Along with transit infrastructure, Beatley discusses the importance European cities place on easy access to green spaces and nature as an integral part of not only sustainable design, but also the emotional well being of many residents. In Stockholm alone, there are estimated to be over 1,000 urban parks and three large nature reserves, occupying nearly 40% of the land within the city.
Finally, Beatley reviews energy policy ideals that have become a necessary component in all European development policies. Switching to renewables has been at the forefront of all recent political campaigns and master plans for European cities. Policy makers are all aware of the need to move rapidly toward the development of a more sustainable energy source before the end of oil, and before global warming has catastrophic effects on the globe.
Green Cities of Europe contains case studies of exemplary models of sustainability in urban design. Each chapter is written by an expert from that city and contains unique insights into that city’s challenges and how they have addressed the problem. For example, in the case of Venice, Italy (written by Marta Moretti, deputy director of the International Center Cities on Water) Venice faces complicated issues of balancing historic preservation, new sustainable design, and destruction of existing structures due to periodic flooding.
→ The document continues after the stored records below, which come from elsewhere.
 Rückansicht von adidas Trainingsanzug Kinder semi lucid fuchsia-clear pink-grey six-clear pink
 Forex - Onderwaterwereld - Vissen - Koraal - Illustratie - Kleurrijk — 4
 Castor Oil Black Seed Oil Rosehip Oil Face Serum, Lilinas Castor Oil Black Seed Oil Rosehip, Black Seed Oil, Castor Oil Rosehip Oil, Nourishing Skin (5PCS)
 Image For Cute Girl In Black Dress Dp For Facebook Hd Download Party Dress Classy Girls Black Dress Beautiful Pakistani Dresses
Planners have faced these issues head on, creating a “Strategic Plan” that encompasses all facets of what a truly sustainable city should be, and the city is well on their way to meeting these challenges.
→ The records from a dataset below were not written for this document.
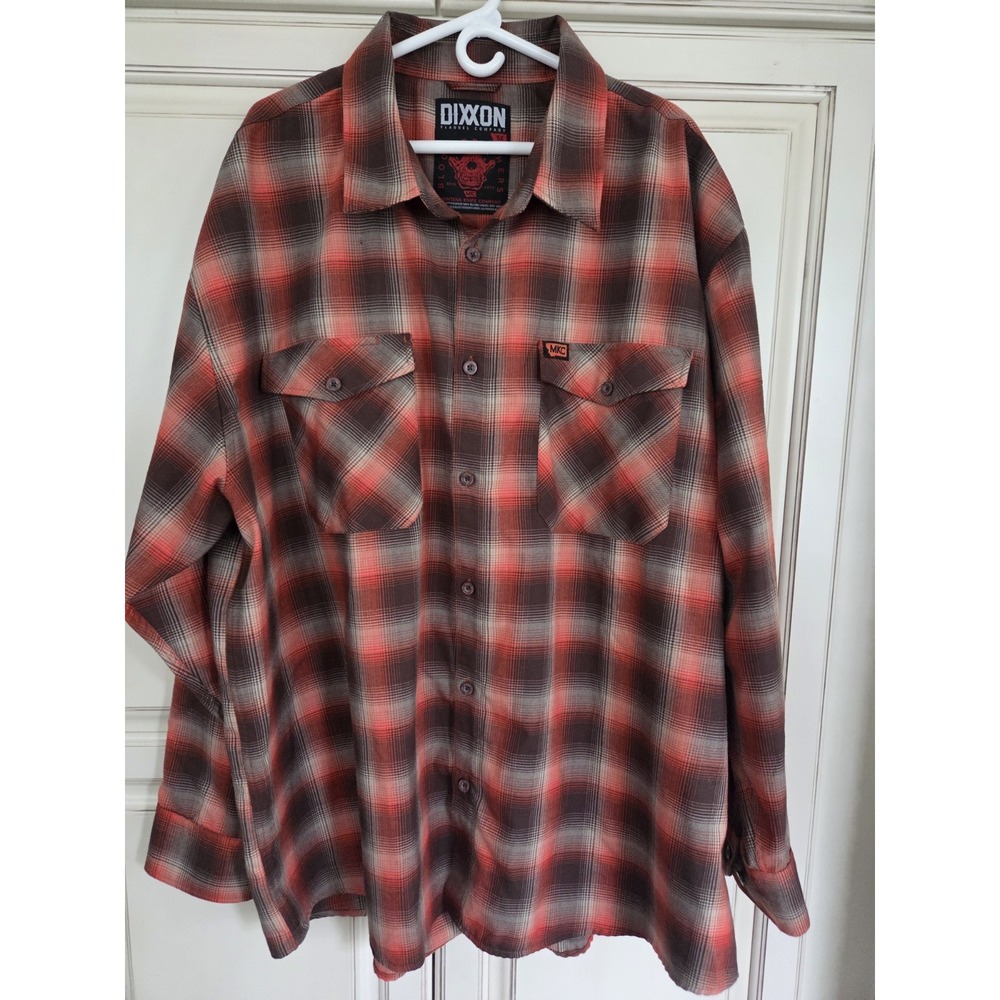 Dixxon Blood Brothers Flannel Shirt Men's 5x Montana Knife Co Plaid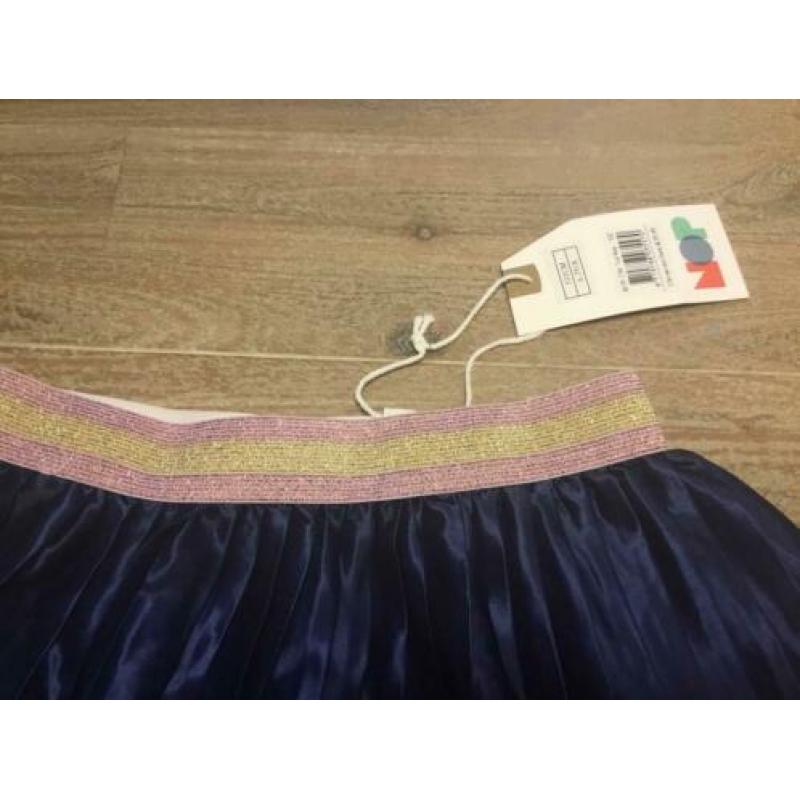 Nieuw plissé rokje NOP blauw glans meisje lente 140 merk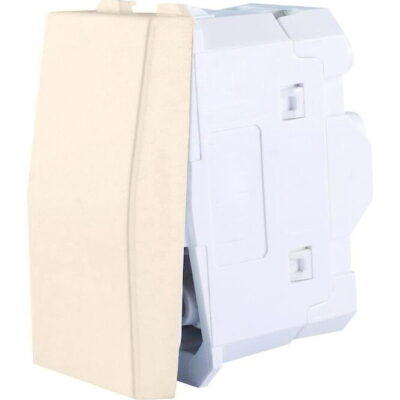 730102S Διακόπτης απλός 1 θέσης Ιβουάρ 10AX 250V GEYER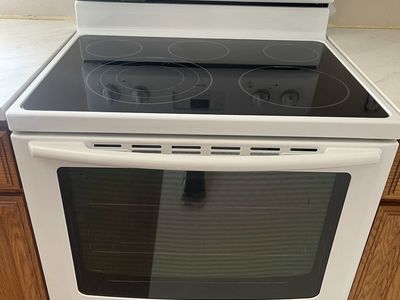 Maytag White Electric Range with Glass Cooktop and Oven - Used, Excellent Condition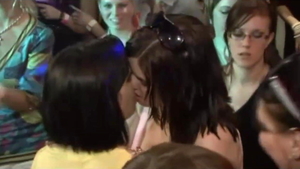 Amateur group sex at the party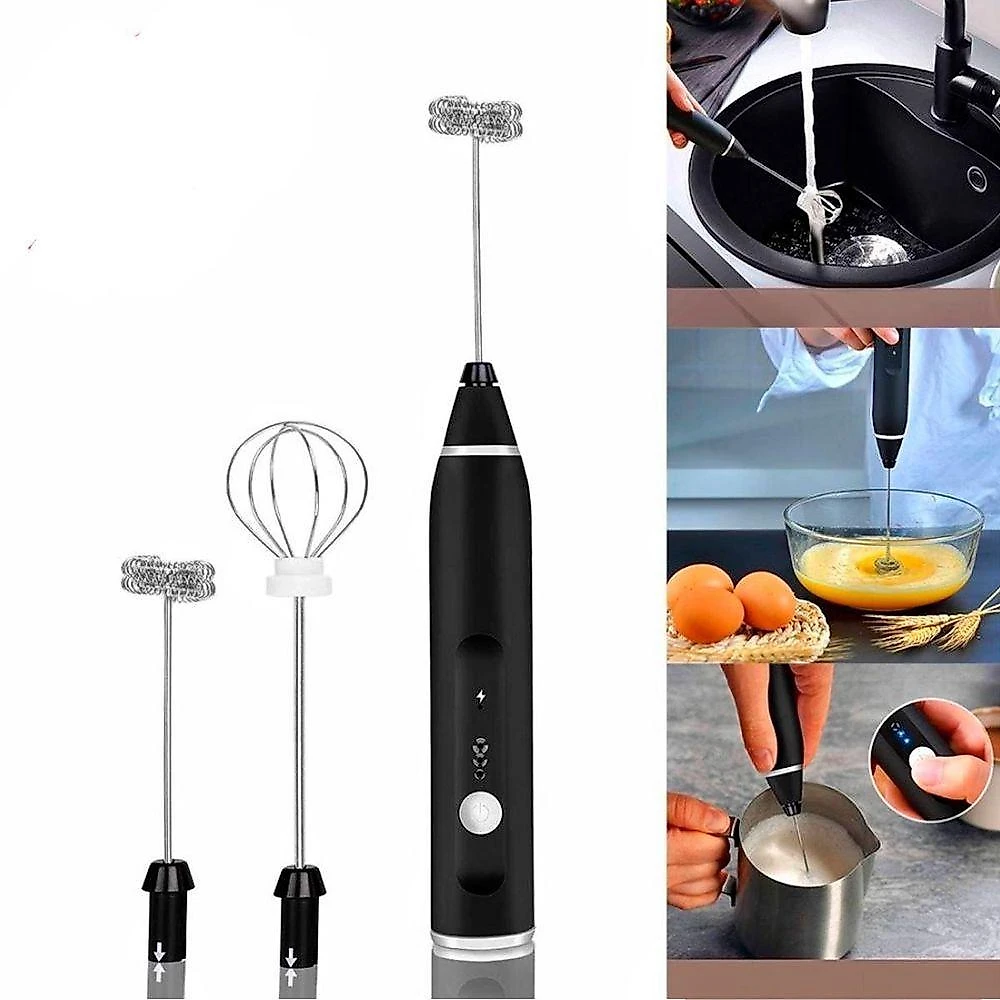 Mixer Portátil 3 em 1 Aquilae Preto 3 Velocidades Bivolt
Freiburg, Germany faced different challenges than Venice, but has been transformed into a truly sustainable city. Wulf Daseking, Freiburg’s Head of Urban Planning and Dale Medearis, Sr. Environmental Planner with the N. Virginia Regional Commission recount how, during World War 2, Freiburg was heavily bombed, destroying much of the medieval city. Reconstruction afforded incredible opportunities: rather than opting for “modern city planning”, Freiburg chose to maintain the old city’s human scale and mix of uses, and emphasized its walkability by making the whole historic city a pedestrian zone. To accommodate a vast increase in population, Freiburg rejected “suburbanization” and chose instead to focus on in-fill development and compact growth in new complete, mixed-use urban neighborhoods. Freiburg’s commitment to sustainable transport has created one of the best multi-modal transit systems in the world.
Readers may discover that some of these cities have faced ecological challenges more destructive than those faced by their own city, and have sometimes had to take extreme measures to overcome them. By making a conscious decision to achieve a livable, sustainable city, they have supported innovative solutions for solving the problems. This is essential reading for all those concerned with urban sustainability.